Short text fragments from websites
Start of Block

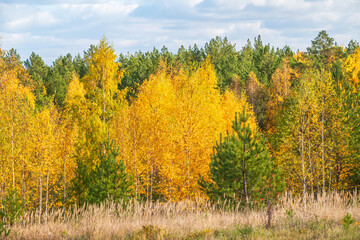 Trees with orange, green and yellow leaves in the autumn forest.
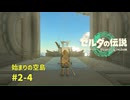 【ゼルダの伝説攻略】ゼルダの伝説ティアーズオブザ キングダム2周目　#2-4 始まりの空島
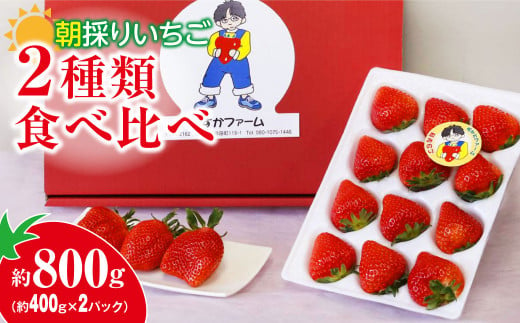 いちご 2種食べ比べ 400g × 2パック｜コク 甘み 朝採れ やよいひめ ななか 恋みのり あまおとめ あすかカルビー 贈答用 新鮮 完熟 いちご 旬 苺 ストロベリー 産地直送 果汁 あまい 人気 高評価 減農薬 美容 健康 旨味 高糖度 ごほうび 群馬県 前橋市 R5-70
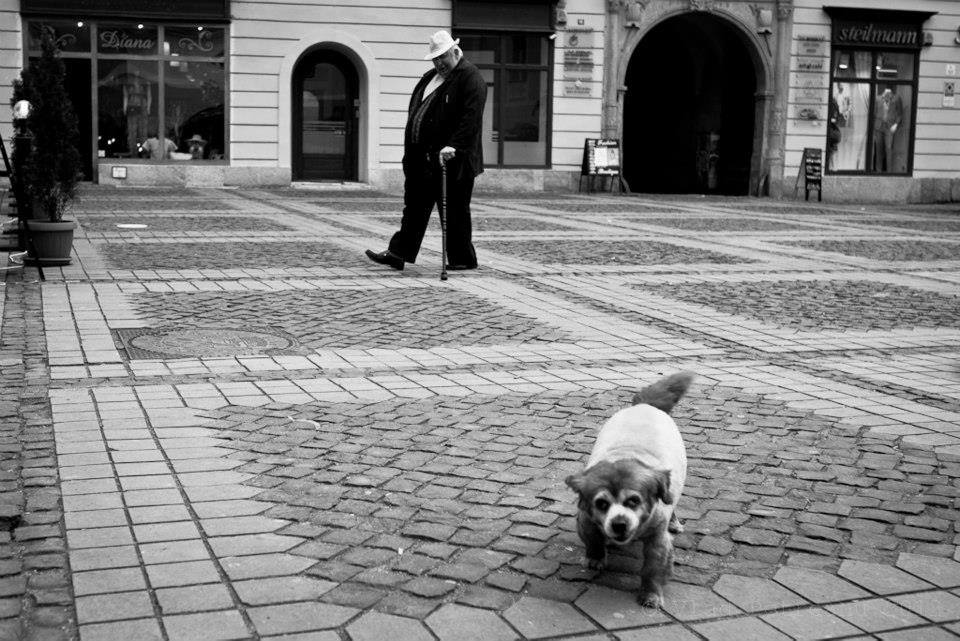 1378314_260938344062375_1463154328_n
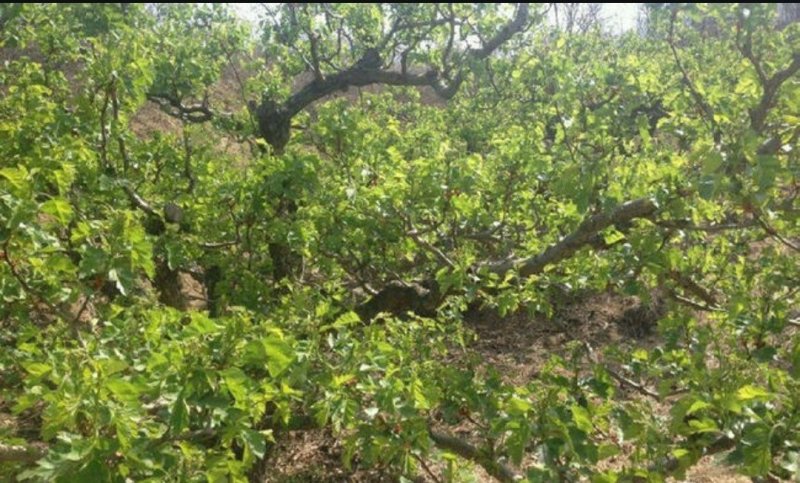 潍坊临朐辛塞镇150亩生态种植丘陵27万转让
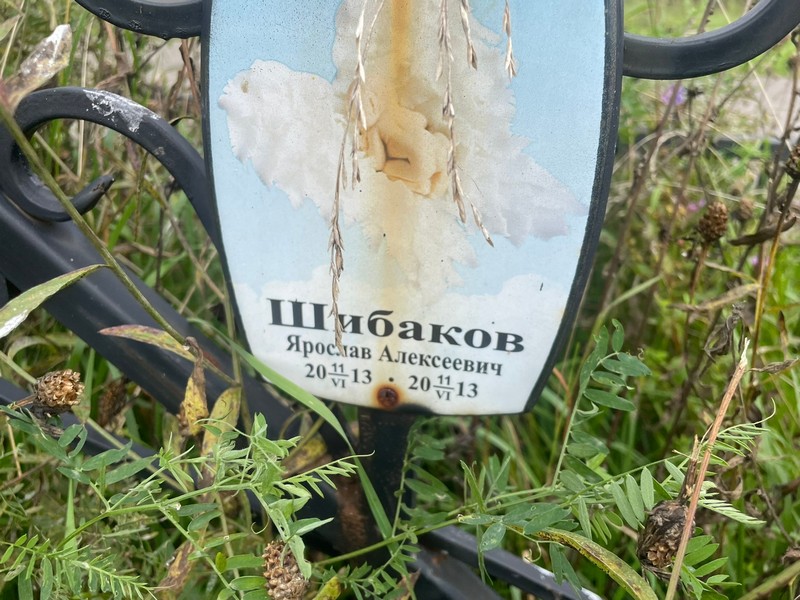 Ярослав Шибаков Алексеевич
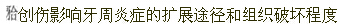 题目图片
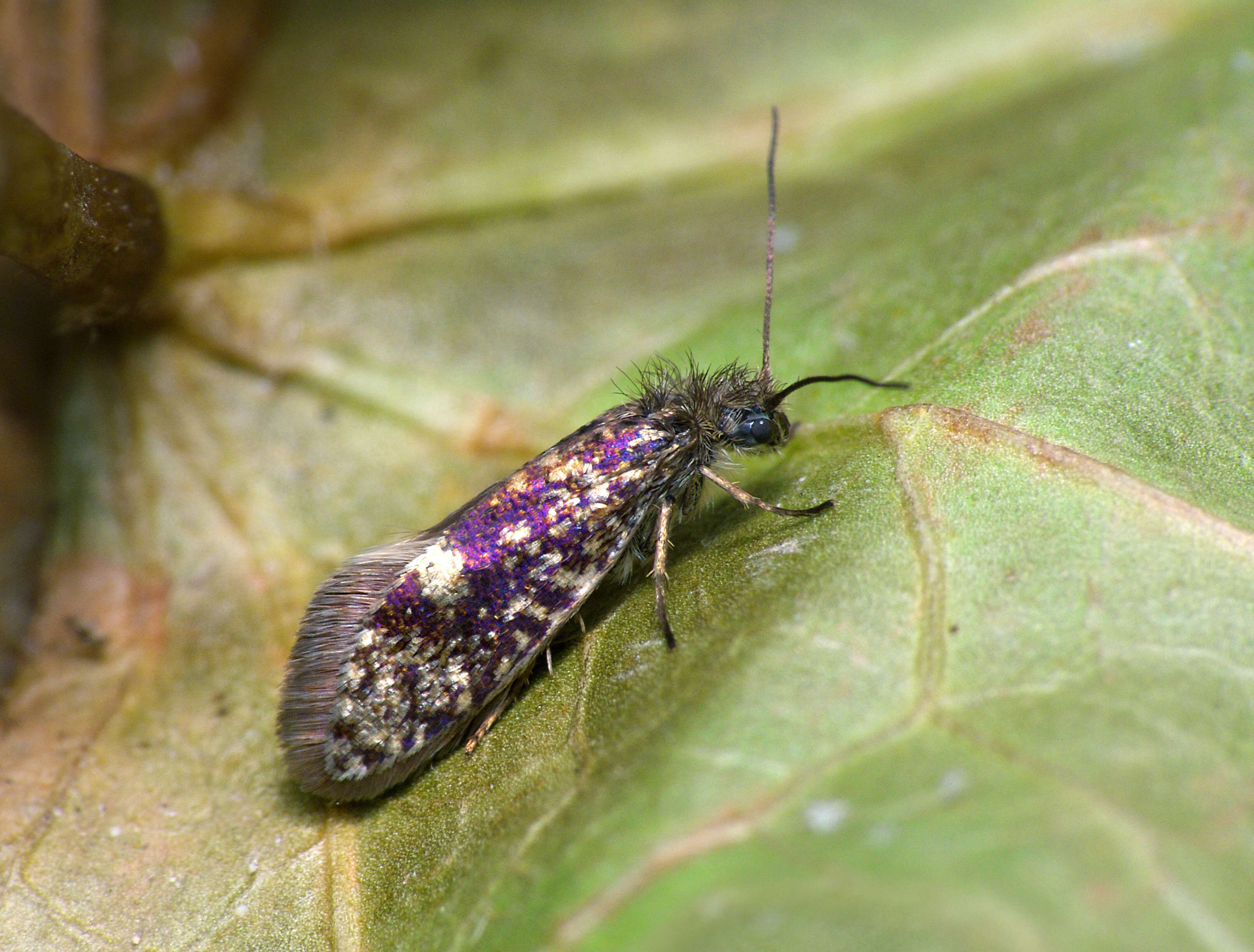 Image of Purplish Birch-miner Moth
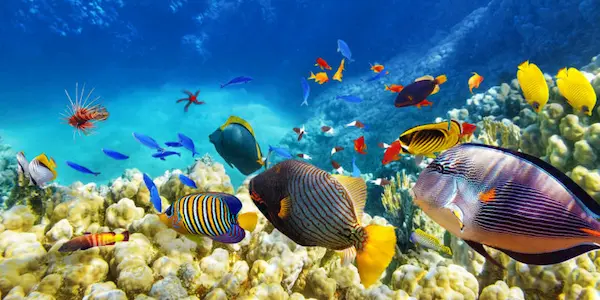 Amenazas que enfrentan los tipos de ecosistemas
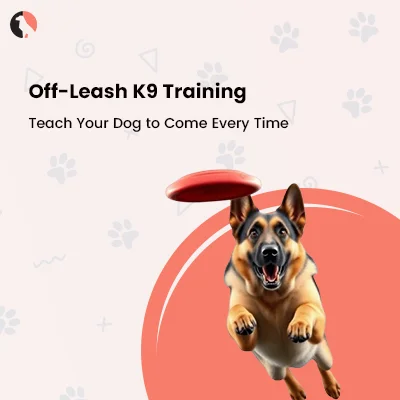 thumbnail: Off-Leash K9 Training: Teach Your Dog to Come Every Time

End of Block

→ **EXERCISE AIM**:
Set down exactly, from the line that contains "潍坊临朐辛塞镇150亩生态种植丘陵27万转让" through the last line of the data, each line as it stands, and leave the pictures out.

→ **ANSWER TO THE EXERCISE**:
 潍坊临朐辛塞镇150亩生态种植丘陵27万转让
 Ярослав Шибаков Алексеевич
 题目图片
 Image of Purplish Birch-miner Moth
 Amenazas que enfrentan los tipos de ecosistemas
 thumbnail: Off-Leash K9 Training: Teach Your Dog to Come Every Time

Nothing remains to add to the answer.